Diagnostic features of early high post-laparotomy fever: A prospective study of 100 patients

Abstract
To define the most important diagnostic signs, symptoms and laboratory findings related to intra-abdominal sepsis in the early post-operative period, 15 binary variables were prospectively assessed in 100 febrile (> 39 °C) post-laparotomy patients admitted to an intensive care unit. Intra-abdominal sepsis was found alone in 55 patients and in association with an extra-abdominal focus in 11 patients.
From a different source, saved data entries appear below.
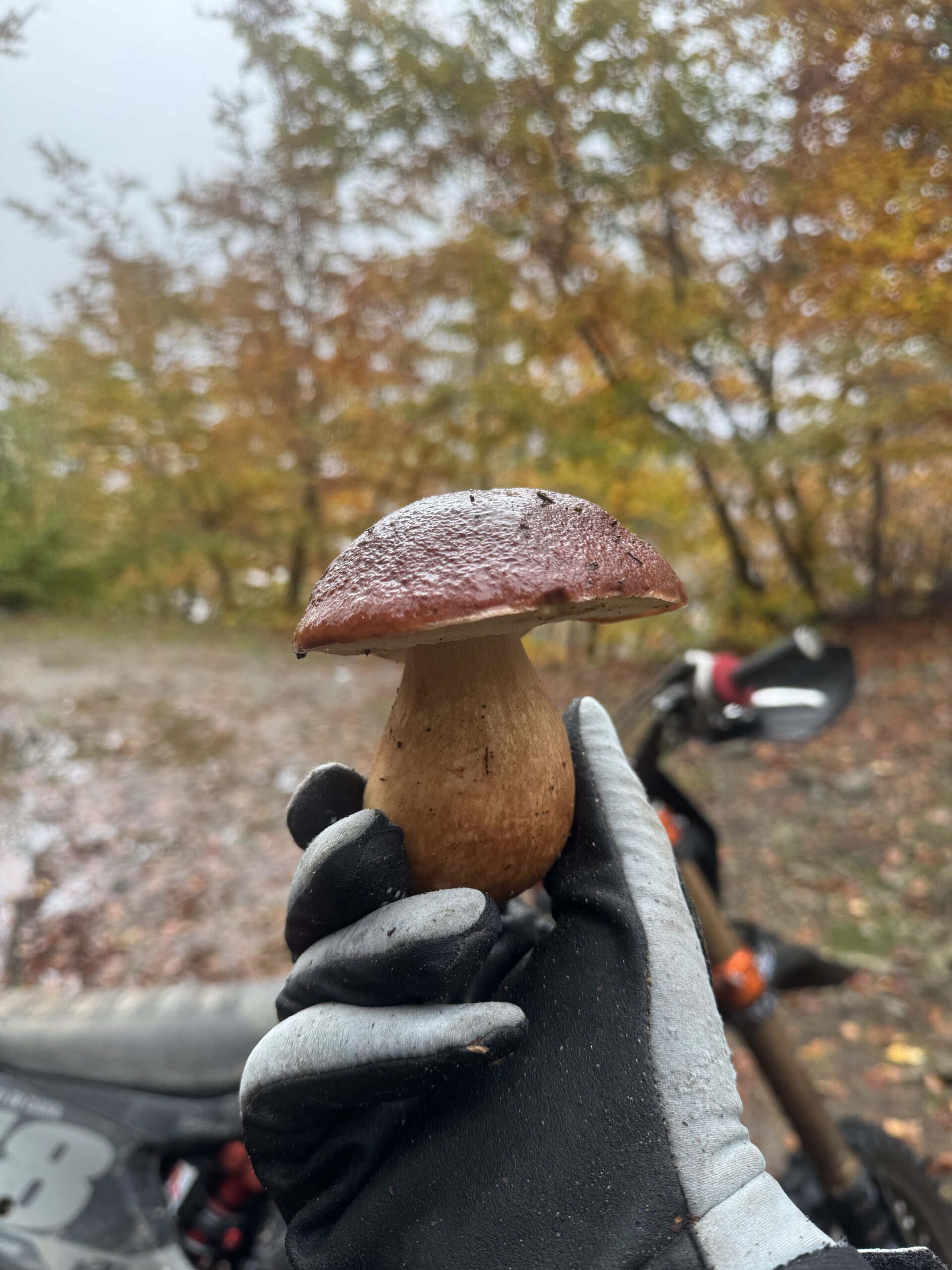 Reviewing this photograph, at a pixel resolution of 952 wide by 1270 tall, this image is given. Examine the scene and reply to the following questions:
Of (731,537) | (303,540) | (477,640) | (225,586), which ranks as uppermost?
(303,540)

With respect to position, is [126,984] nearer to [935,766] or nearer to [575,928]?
[575,928]

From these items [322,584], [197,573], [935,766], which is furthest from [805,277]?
[197,573]

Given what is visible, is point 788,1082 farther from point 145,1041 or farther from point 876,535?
point 876,535

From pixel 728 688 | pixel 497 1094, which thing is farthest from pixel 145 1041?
pixel 728 688

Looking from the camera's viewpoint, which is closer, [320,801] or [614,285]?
[320,801]

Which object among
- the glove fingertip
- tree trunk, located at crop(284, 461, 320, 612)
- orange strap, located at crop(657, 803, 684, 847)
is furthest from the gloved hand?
tree trunk, located at crop(284, 461, 320, 612)

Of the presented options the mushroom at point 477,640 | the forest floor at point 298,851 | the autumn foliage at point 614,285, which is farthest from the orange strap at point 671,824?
the autumn foliage at point 614,285

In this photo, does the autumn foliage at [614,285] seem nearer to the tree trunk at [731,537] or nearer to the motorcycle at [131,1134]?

Fever was related to an extra-abdominal septic focus in 23 patients and no infectious cause was found in 11. Analysis (χ2) indicated that 6 of the 15 variables were significantly associated with an intra-abdominal focus of infection. The predictive value of each variable, indicated by relative risk, ranked the six variables in order of diagnostic importances: no bacteraemia (1·67), leucocytosis (1·60), ileus (1·50), mental disturbances (1·41), contaminated first laparotomy (1·38), abdominal tenderness (1·22). The absence of bacteraemia was the most important finding separating intra- and extra-abdominal foci of infection. In a febrile post-laparotomy patient with any evidence of sepsis, the absence of bacteraemia should not lull the physician into a false sense of security but rather alert him to the likelihood of an intra-abdominal septic focus.